Not only are the chum salmon late, but fewer are showing up. The fewest ever, in fact, according to sonar counters near the mouth of the Yukon River.

Not only are the chum salmon late, but fewer are showing up.

The fewest ever, in fact, according to sonar counters near the mouth of the Yukon River.

Only 173,500 chum have shown up, less than 35 per cent of the yearly average of 487,000.

“If this holds up, it’s not looking to be a very good return this year,” said Sandy Johnston, lead scientist for the Yukon branch of the Department of Fisheries and Oceans.

All along the river, test fisheries have been coming up short.

Just outside Fairbanks, the Rampart Rapids fishwheel would normally have seen 90,500 chum.

This year, only 3,700 chum have been counted.

Chum salmon are often referred to as dog salmon, based on the fish’s primary use as sled-dog food.

“Five to 10 per cent of my fish go for human food, and the rest go for dog food,” said Sebastian Jones, a Dawson-based commercial fisher.

A “dedicated” chum fisher, Jones will typically bring in 2,000 to 3,000 chum salmon.

More and more, however, chinook-starved fishers have been putting chum on their dinner plates.

Chum are a great “alternate” to chinook, said Jones.

Less oily, chum fare better in the smokehouse – which makes for better jerky, he said.

“There’s a lot of people who have been fishing chum, especially in light of previous years where the chinook numbers have been so depressed,” said James MacDonald, director of fish and wildlife for the Tr’ondek Hwech’in.

“This year, that’s just not the case,” said MacDonald.

Knee-deep in chinook this year, Dawsonites are once again chucking their chum to the dogs.

Only four years ago, chum had flocked to the Yukon River in record numbers.

In 2005, more than 1.3 million fish made the upriver journey.

Surprisingly, this year’s chum are the offspring of that record-breaking year.

“Overcrowding” in 2005 likely caused the brood to plummet, said Johnston.

“Traditional science would say that because of that record return, you wouldn’t expect many to come back,” he said.

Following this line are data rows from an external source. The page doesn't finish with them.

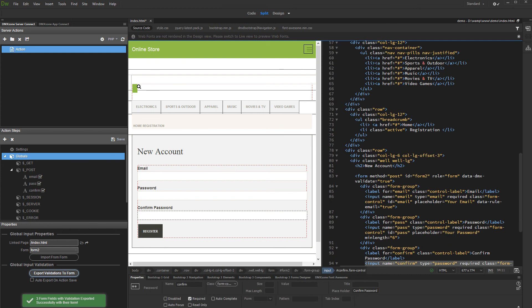Now, you can continue working with your server action and add the required steps, like insert record or send email, and you can be sure everything will be validated. That's how easy it is to add server-side validation using AppConnect Form Validator.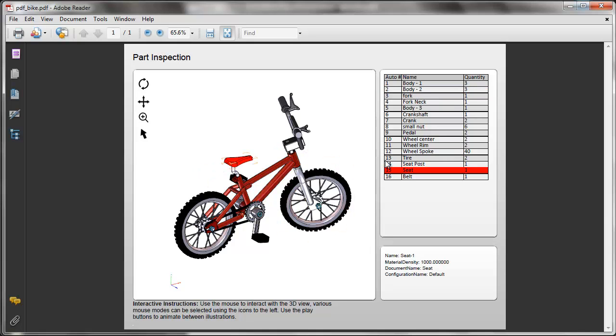If we click this, we're going to get the seat. So that's a very simple demonstration of bi-directional parts list capability available in 2011 SP1.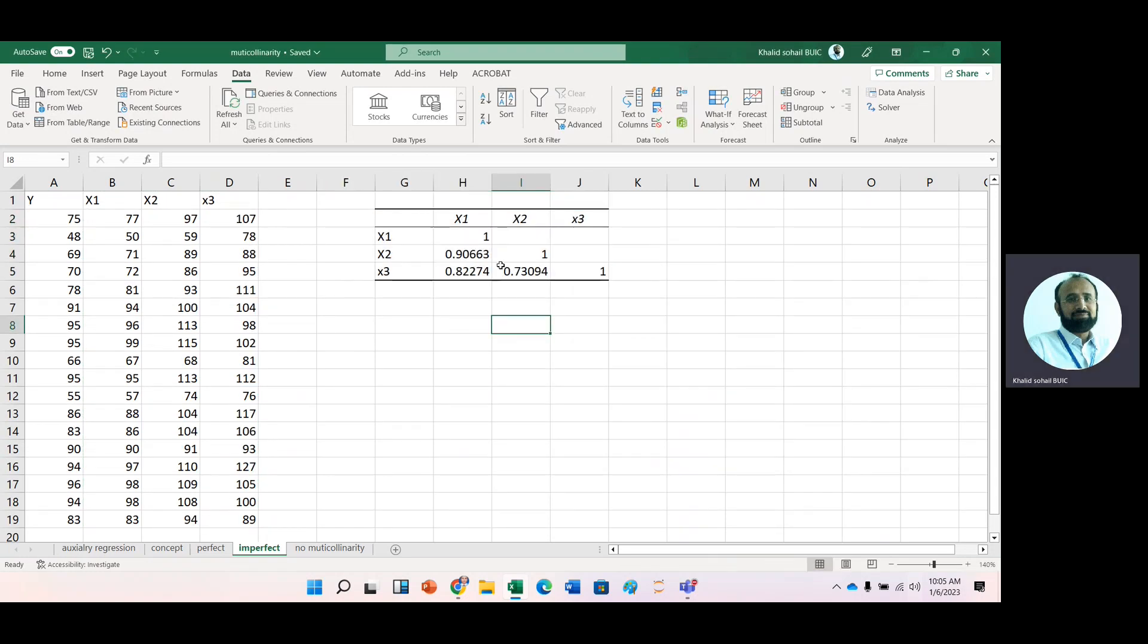Now here you can see that there is a high multicollinearity like between X and X2, 0.90 and then X2 and X3, 0.73. And we have X1, X3, 0.2, especially in X1 and X2 and then X1 and X3.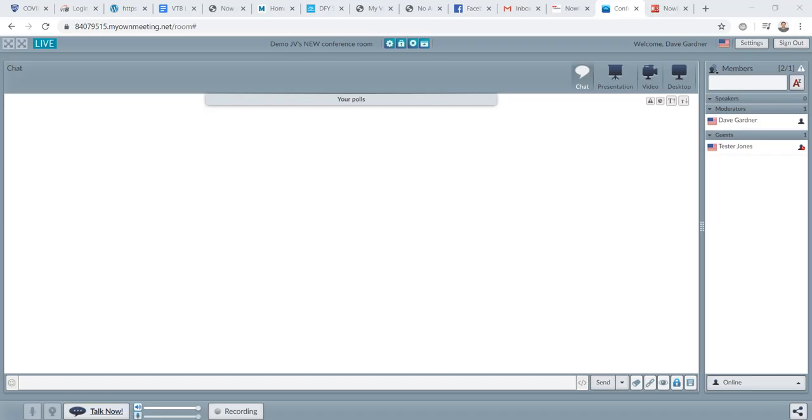Hey there, this is Dave Gardner, your NowLifestyle Master Trainer, and I'm super excited to be getting into the next video with you right now.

Chum are often overshadowed by their more glamorous chinook cousins.

Sport fishers will go for sockeye, coho, spring and chinook salmon – but never chum.

They’re almost half the size, for one thing.

And pound for pound, the less-oily chum also fetch less at fish markets.

At the supermarket, chum can often be seen packaged in low-priced tins labelled “keta salmon.”

“It’s a glamour thing as much as anything else, plus the commercial value of (chinook),” said Jones.

With chinook returns projected to remain low, chum will increasingly be supplementing the freezers of Yukon River fishers.

“It’s a perfectly good salmon, it doesn’t taste bad,” said Jones.

In Alaska, subsistence fishers were counting on chum to supplement their lowest-ever chinook harvest.

Chinook-poor Alaskan villagers now find themselves lacking for food, and cash for heating oil.

Many are already bracing for another humanitarian crisis this winter.

“If we have a low fall chum run it’s going to be the nail in the coffin for a bunch of us,” said Andy Bassich, a resident of Eagle, Alaska, in comments to the Anchorage Daily News.